▸ Exercise aim
Among the lines below, output only those between the line holding "Grüner und schwarzer" and the line holding "Modern kitchen with", inclusive, exactly as written and with no pictures.

▸ Material shown
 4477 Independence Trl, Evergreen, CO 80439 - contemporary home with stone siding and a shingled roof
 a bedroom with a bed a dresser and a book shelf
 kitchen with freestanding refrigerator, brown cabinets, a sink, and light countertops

--

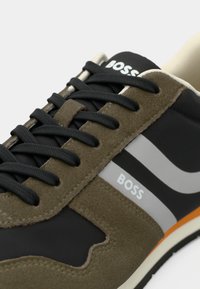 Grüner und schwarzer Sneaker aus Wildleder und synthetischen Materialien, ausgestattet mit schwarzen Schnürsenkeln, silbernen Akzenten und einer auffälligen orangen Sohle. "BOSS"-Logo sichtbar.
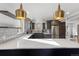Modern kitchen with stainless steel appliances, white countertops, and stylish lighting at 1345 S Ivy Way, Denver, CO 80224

▸ Written answer
 Grüner und schwarzer Sneaker aus Wildleder und synthetischen Materialien, ausgestattet mit schwarzen Schnürsenkeln, silbernen Akzenten und einer auffälligen orangen Sohle. "BOSS"-Logo sichtbar.
Modern kitchen with stainless steel appliances, white countertops, and stylish lighting at 1345 S Ivy Way, Denver, CO 80224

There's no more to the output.